Clock- and data-recovery IC with demultiplexer for a 2.5 Gb/s ATM physical layer controller

Hansen, Flemming; Salama, C.A.T.

Published in:
Proceedings of the IEEE International Symposium on Circuits and Systems

Link to article, DOI:
10.1109/ISCAS.1996.541949

Publication date:
1996

Document Version
Publisher's PDF, also known as Version of record

Citation (APA):
CLOCK- AND DATA-RECOVERY IC WITH DEMULTIPLEXER FOR A 2.5GB/S ATM PHYSICAL LAYER CONTROLLER

Flemming Hansen  
C. Andre T. Salama  

Center for Broadband Telecommunications  
Dep. of Electromagnetic Systems  
Technical University of Denmark  
Building 348  
DK-2800 Lyngby, Denmark  
fh@emi.dtu.dk  

VLSI Research Group  
Dep. of Electrical and Computer Engineering  
University of Toronto  
10 King's College Road  
M5S 1A4, Ontario, Canada  
salama@vrg.utoronto.ca  

ABSTRACT

A Clock- and Data-Recovery (CDR) IC for a Physical Layer Controller in an Asynchronous Transfer Mode (ATM) system operating at a bit rate of 2.488Gb/s is presented. The circuit was designed and fabricated in a 0.8μm BiCMOS process featuring 13GHz fT bipolar transistors. Clock-recovery is accomplished with a Phase-Locked Loop (PLL). The PLL uses a Phase- and Frequency Detector (PFD) to increase the pull-in range. No external components are required. A novel Voltage Controlled Oscillator (VCO) generating both in-phase and quadrature clocks, required by the PFD, is presented. The CDR includes a 1:8 demultiplexer with bit-rotation. Emitter Coupled Logic (ECL) is used in the PLL, data-regeneration and part of the demultiplexer, while the low-speed parts of the demultiplexer are implemented in dynamic CMOS using the True Single-Phased Clock (TSPC) approach.

1. INTRODUCTION

The Clock- and Data-Recovery circuit is part of a Physical Layer Controller for a 2.5Gb/s Asynchronous Transfer Mode (ATM) system. In optical fiber transmission only the data signal is transmitted, the reference clock signal must be generated at the receiving end from the data signal. Two popular methods for extracting the clock information from the data signal are narrow-band filters [1] and phase-locked loops [2]. To reduce the bandwidth of the optical signal, a Non Return to Zero (NRZ) coding is usually chosen, although clock extraction is harder for this coding scheme than other coding schemes, e.g. Return to Zero (RZ), since an NRZ signal contains no energy at the clock frequency. When using narrow-band filters it is therefore necessary to preprocess the NRZ signal in a nonlinear element before filtering the clock signal from the data. In addition to preprocessing, a narrow-band filter is usually bulky, and not suited for integration. A better suited method for integration is to use a Phase-Locked Loop (PLL) where the phase of a local oscillator is aligned with the phase of the incoming data, using a feedback loop. This solution and its implementation in a 0.8μm BiCMOS process featuring 13GHz fT bipolar transistors [3] is presented in this paper.

2. CDR ARCHITECTURE

A block diagram of the CDR circuit is shown in Figure 1. The Phase and Frequency Detector (PFD) compares the arriving data with the clock generated by the Voltage Controlled Oscillator (VCO), generating an error-signal that is filtered in the Loop Filter (LF) and fed back to the VCO. A basic Master-Slave flip-flop is used to regenerate and synchronize the data, using the clock signal from the VCO.

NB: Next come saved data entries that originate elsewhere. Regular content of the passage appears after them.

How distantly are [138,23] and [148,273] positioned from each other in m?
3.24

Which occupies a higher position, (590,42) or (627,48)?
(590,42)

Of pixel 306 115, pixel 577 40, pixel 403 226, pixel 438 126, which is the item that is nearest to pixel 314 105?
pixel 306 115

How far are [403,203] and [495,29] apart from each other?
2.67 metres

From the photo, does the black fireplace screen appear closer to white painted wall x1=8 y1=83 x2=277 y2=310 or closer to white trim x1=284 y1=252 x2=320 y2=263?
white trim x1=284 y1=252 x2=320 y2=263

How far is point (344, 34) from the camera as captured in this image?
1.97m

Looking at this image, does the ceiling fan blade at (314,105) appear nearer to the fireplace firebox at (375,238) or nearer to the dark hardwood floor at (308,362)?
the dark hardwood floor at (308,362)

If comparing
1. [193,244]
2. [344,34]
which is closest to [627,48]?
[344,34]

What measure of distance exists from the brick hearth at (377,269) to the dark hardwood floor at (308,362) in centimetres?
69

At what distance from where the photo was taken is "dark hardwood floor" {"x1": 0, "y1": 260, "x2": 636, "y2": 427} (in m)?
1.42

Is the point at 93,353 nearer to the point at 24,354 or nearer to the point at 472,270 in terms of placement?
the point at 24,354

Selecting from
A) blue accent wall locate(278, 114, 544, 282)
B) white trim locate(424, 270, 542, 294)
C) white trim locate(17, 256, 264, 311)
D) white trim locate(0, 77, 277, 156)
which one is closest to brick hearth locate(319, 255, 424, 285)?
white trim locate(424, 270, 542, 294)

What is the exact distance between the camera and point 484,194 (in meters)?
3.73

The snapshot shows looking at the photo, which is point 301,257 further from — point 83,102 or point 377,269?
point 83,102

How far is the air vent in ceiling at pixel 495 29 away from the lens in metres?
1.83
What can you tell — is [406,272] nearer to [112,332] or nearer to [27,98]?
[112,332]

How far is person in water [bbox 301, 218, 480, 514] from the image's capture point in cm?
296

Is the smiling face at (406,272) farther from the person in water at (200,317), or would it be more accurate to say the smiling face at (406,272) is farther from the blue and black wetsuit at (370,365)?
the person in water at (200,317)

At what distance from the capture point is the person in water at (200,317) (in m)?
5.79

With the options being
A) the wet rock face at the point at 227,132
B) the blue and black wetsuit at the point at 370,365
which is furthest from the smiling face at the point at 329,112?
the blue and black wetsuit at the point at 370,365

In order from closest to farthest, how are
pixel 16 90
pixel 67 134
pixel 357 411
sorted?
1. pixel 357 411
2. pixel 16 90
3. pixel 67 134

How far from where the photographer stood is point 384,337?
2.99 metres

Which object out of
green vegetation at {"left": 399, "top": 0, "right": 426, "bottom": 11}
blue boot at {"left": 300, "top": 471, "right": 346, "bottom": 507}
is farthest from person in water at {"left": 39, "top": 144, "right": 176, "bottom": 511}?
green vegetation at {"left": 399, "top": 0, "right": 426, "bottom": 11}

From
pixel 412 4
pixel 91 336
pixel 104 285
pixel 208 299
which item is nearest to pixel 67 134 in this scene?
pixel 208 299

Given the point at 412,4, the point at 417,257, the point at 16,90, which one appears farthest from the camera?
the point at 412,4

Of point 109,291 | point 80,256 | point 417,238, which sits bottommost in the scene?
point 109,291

Figure 1. CDR block diagram

The PFD used, and illustrated in Figure 2, is a minor variation of one presented by Potthäcker et al [2]. The PFD consist of two identical Phase-Detectors (PD), a Frequency-Detector (FD) and a Loop Filter Driver. In the two PDs the data is sampled with the in-phase and

0-7803-3073-0/96/$5.00 ©1996 IEEE 125
quadrature clocks respectively, resulting in two beat notes, at nodes Q1 and Q2, with a frequency equal to the difference between the data bit rate and the VCO clock frequency. By examining the phase relation between the two beat notes, the FD can determine whether the VCO frequency is higher or lower than the data bit rate.

![Figure 2. PFD block diagram](image)

In previous work [2], the outputs from one PD and the FD are summed in the analogue domain, resulting in a ternary output from the PFD. To avoid this, and associated problems, the PFD outputs are processed digitally in the Loop Filter Driver.

The acquisition procedure consists of two stages, frequency-acquisition and phase-acquisition. During frequency-acquisition, the PD output will have a duty cycle very close to 50%, and can therefore not be used to drive the VCO towards lock. In this case the outputs from the FD, given in Table 1, are used to make sure that the VCO control voltage is pulled in the right direction. Due to the digital nature of the control loop, there is no steady-state for the VCO control voltage. The active area occupied by the PLL is 0.54mm² and the power dissipation is approximately 250mW.

![Figure 3. VCO schematic](image)

### Table 1. Phase and Frequency Detector states

<table>
<thead>
<tr>
<th>State</th>
<th>Q1</th>
<th>Q2</th>
</tr>
</thead>
<tbody>
<tr>
<td>Freq. acq. (f_{VCO} &lt; f_{data})</td>
<td>Low</td>
<td>High</td>
</tr>
<tr>
<td>Freq. acq. (f_{VCO} &gt; f_{data})</td>
<td>High</td>
<td>Low</td>
</tr>
<tr>
<td>Phase acq. (f_{VCO} = f_{data})</td>
<td>High</td>
<td>High</td>
</tr>
</tbody>
</table>

### 3. VOLTAGE CONTROLLED OSCILLATOR

The PFD used requires two clock signals with a 90-degree phase shift, if the phase shift is not exactly 90 degrees the PFD will still work, but with an asymmetric pull-in range. A VCO that generates quadrature clock signals with an accurate phase shift is shown in Figure 3, it is based on the VCO presented in [4] by Razavi and Sung.

In the process available to us, the VCO in [4] would give an oscillation frequency of approximately 5GHz.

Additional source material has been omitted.